Hoenle Adrian, Haase Karin Johanna, Maus Sebastian, Hofmann Manfred, Orth Matthias
Vinzenz von Paul Kliniken gGmbH, Institut für Laboratoriumsmedizin, Stuttgart, Germany.
Medizinische Fakultät Mannheim, Ruprecht Karls Universität, Mannheim, Germany.
EJIFCC. 2021 Feb 28;32(1):41-51. eCollection 2021 Feb.
Patients with impaired renal function are at high risk for morbidity and mortality. Chronic kidney disease (CKD) even in the early stages can be associated with significant side effects of drug therapy, longer length of stay, and high costs. Correct assessment of renal function in the hospital is important to detect CKD, to avoid further damage to the kidneys, and to optimize pharmacological therapy. Current protocols for renal function testing in drug dosing are only creatinine based, are not robust enough, and can wrongly classify certain patients. Goal of our simulation study is to optimize noninvasive renal function estimates and to allow for optimal dosing of pharmacological treatment without further renal damage.

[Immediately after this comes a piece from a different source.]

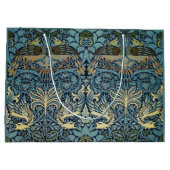William Morris Peacock and Dragon Woven Design Große Geschenktüte (Rückseite)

Co-reporting of creatinine- and of cystatin C-derived estimated glomerular filtration rates (eGFR) allows a personalized approach for patients with large discrepancies in eGFR and it enabled us in detecting patients at high risk for side effects due to incorrect drug dosing. This approach might be highly effective for patients as well as for clinicians. In addition, we simulated the efficiency by estimating savings for the hospital administration and the payor with a benefit cost ratio of 58 to 1.

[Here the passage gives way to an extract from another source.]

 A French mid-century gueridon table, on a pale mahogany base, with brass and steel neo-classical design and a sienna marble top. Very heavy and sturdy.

肾功能受损的患者面临着较高的发病和死亡风险。慢性肾脏病(CKD)即使在早期阶段也可能与药物治疗的显著副作用、更长的住院时间和高昂的费用相关。在医院中正确评估肾功能对于检测CKD、避免对肾脏造成进一步损害以及优化药物治疗至关重要。当前药物剂量计算中肾功能测试的方案仅基于肌酐,不够可靠,并且可能会错误地对某些患者进行分类。我们模拟研究的目标是优化无创肾功能估计,并在不进一步损害肾脏的情况下实现药物治疗的最佳剂量。同时报告基于肌酐和胱抑素C的估计肾小球滤过率(eGFR),为eGFR差异较大的患者提供了个性化方法,并且使我们能够检测出因药物剂量错误而有高副作用风险的患者。这种方法对患者和临床医生可能都非常有效。此外,我们通过估计为医院管理部门和付款人节省的费用,以58比1的效益成本比模拟了效率。